◆ **ASSIGNMENT**
Skip the pictures. Output only the lines below starting at the line with "Click here to" and ending at the line with "Hotel Indigo Paris Opera", both ends included, exactly as they are.

◆ **DATA SUPPLIED**
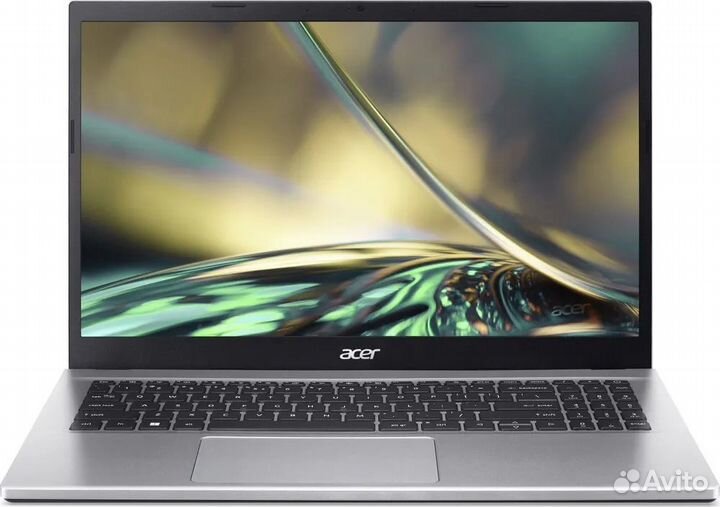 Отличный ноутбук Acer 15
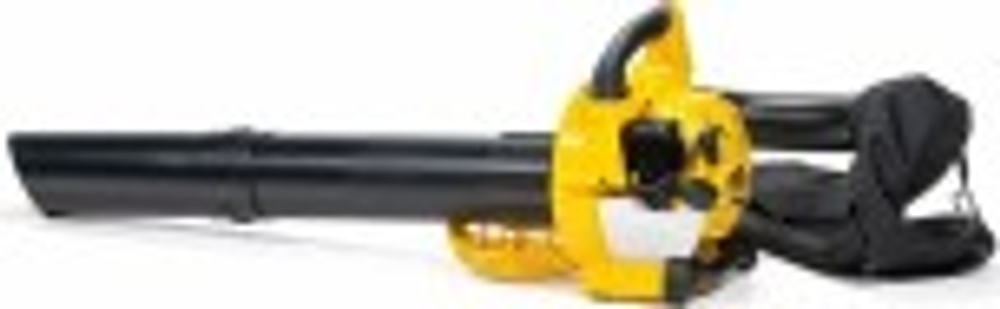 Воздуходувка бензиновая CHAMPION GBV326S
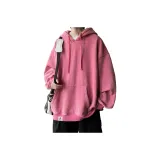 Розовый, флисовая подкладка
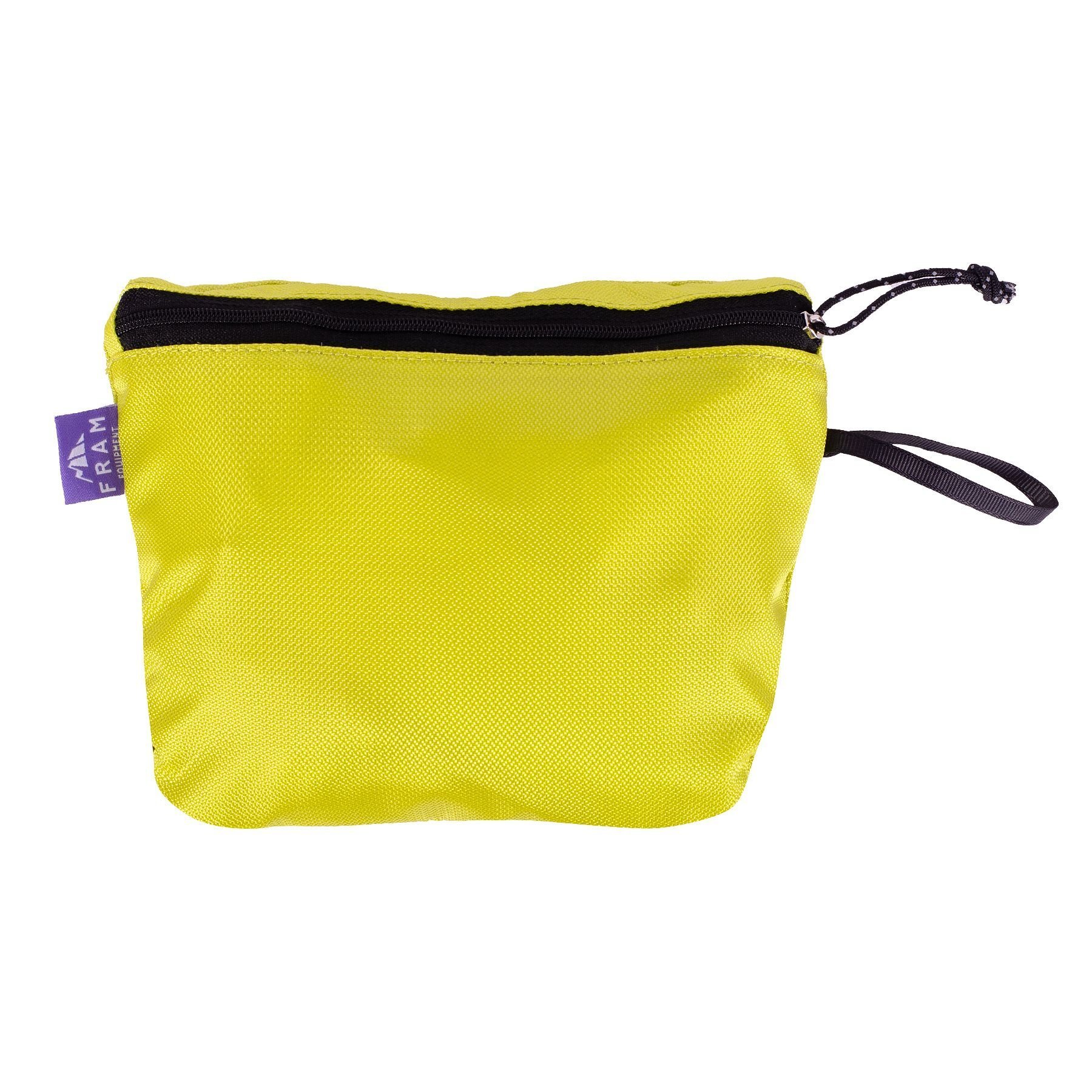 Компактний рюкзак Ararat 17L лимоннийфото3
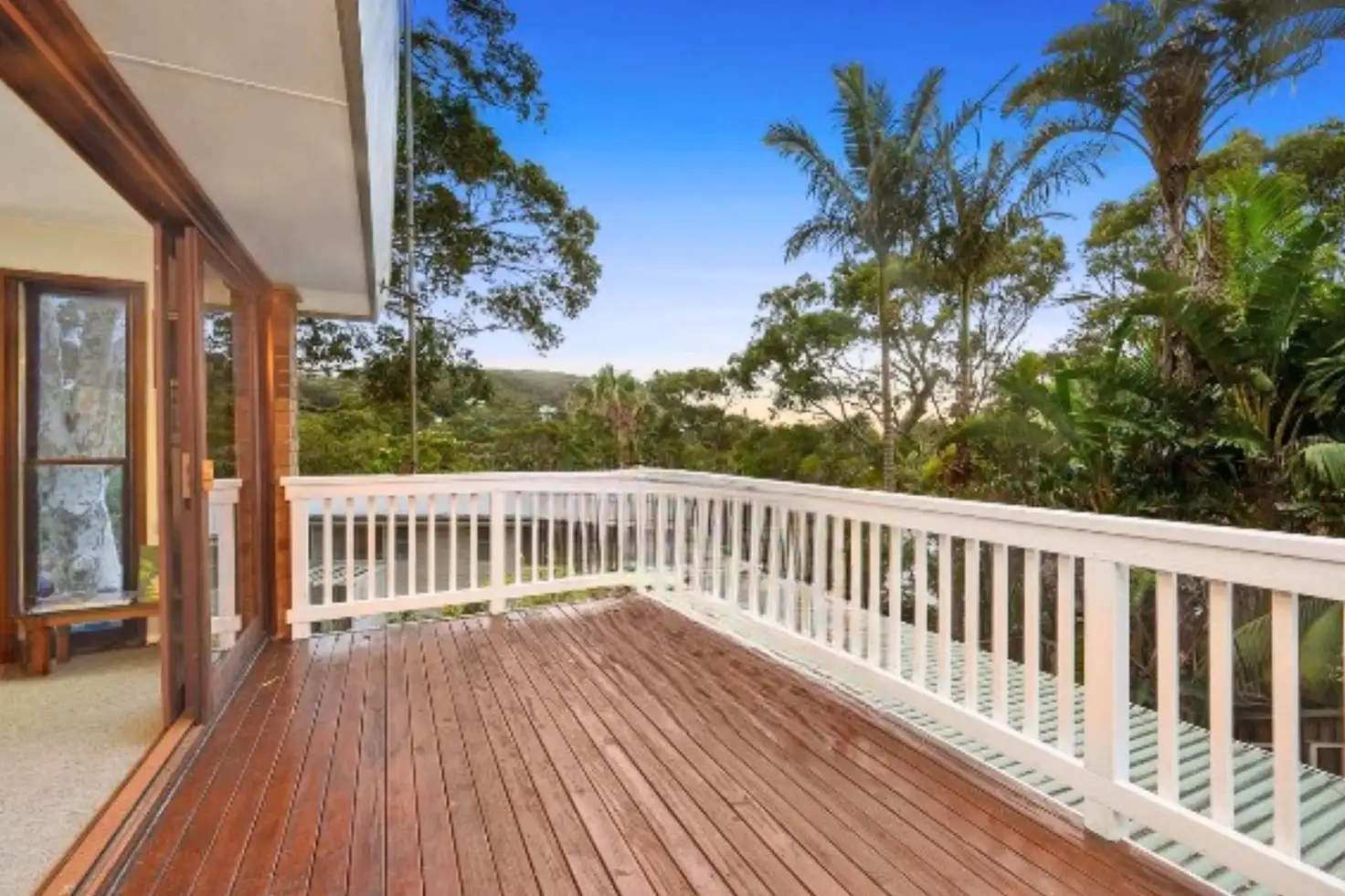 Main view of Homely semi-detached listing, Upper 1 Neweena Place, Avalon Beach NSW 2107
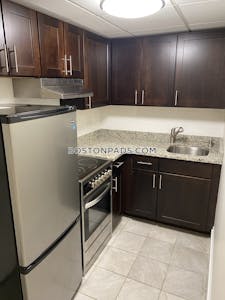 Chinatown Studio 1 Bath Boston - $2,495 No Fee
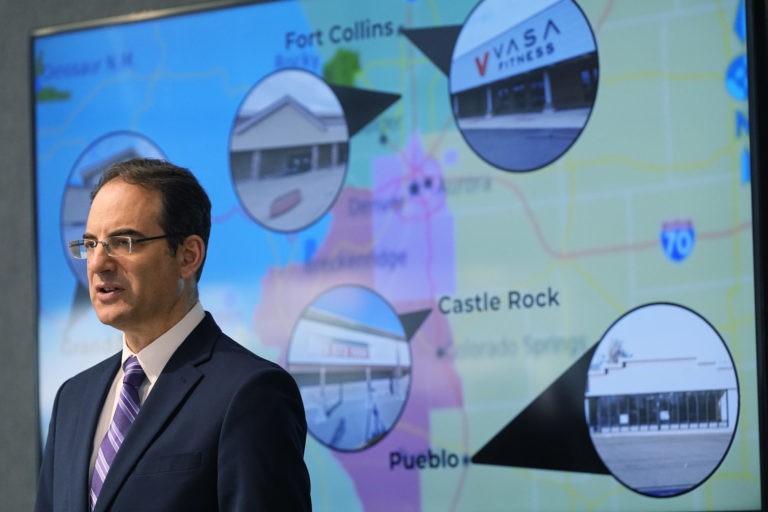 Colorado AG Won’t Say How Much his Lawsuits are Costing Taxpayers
...
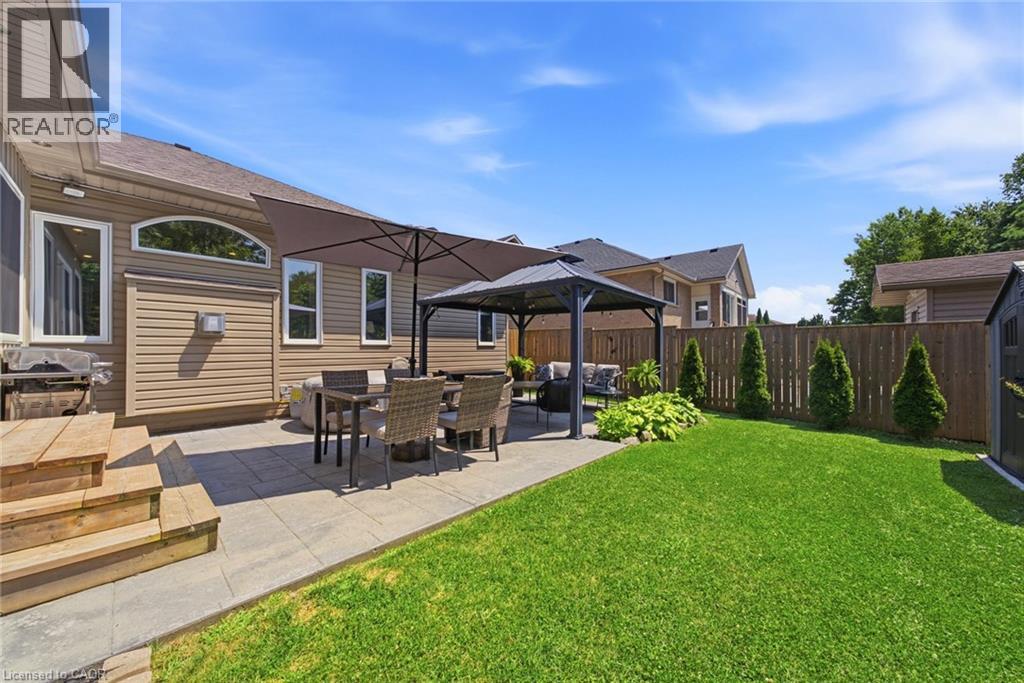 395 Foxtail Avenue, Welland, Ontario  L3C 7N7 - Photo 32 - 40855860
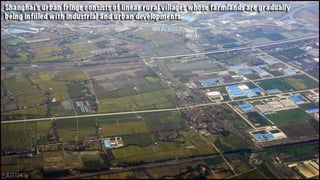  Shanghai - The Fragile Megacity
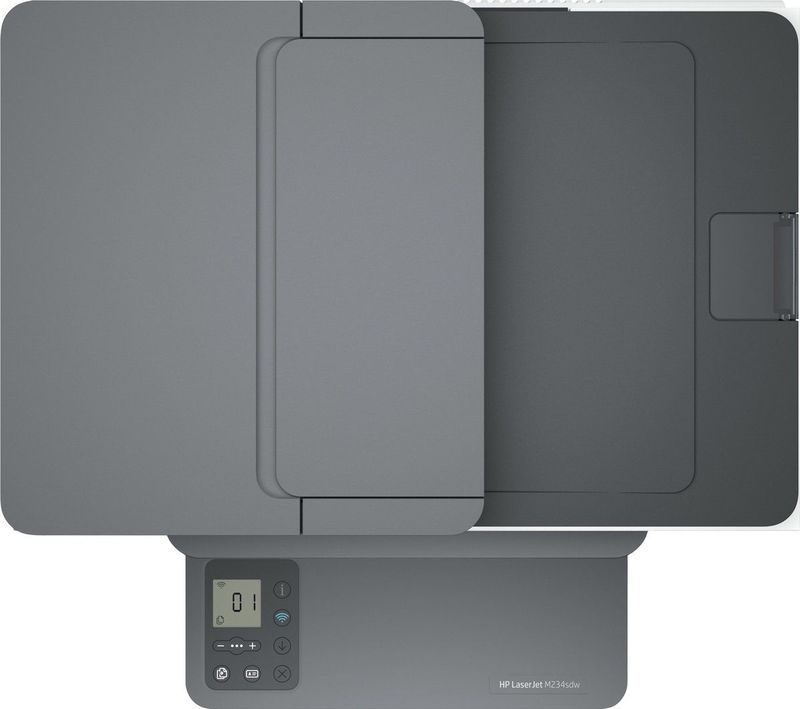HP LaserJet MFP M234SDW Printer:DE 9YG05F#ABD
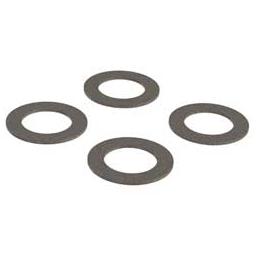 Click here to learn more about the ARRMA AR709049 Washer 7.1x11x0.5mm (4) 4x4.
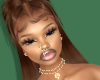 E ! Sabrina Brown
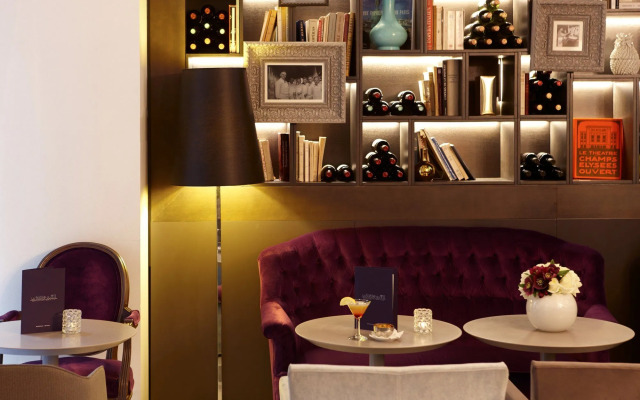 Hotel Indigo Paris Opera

◆ **ANSWER BOX**
 Click here to learn more about the ARRMA AR709049 Washer 7.1x11x0.5mm (4) 4x4.
 E ! Sabrina Brown
 Hotel Indigo Paris Opera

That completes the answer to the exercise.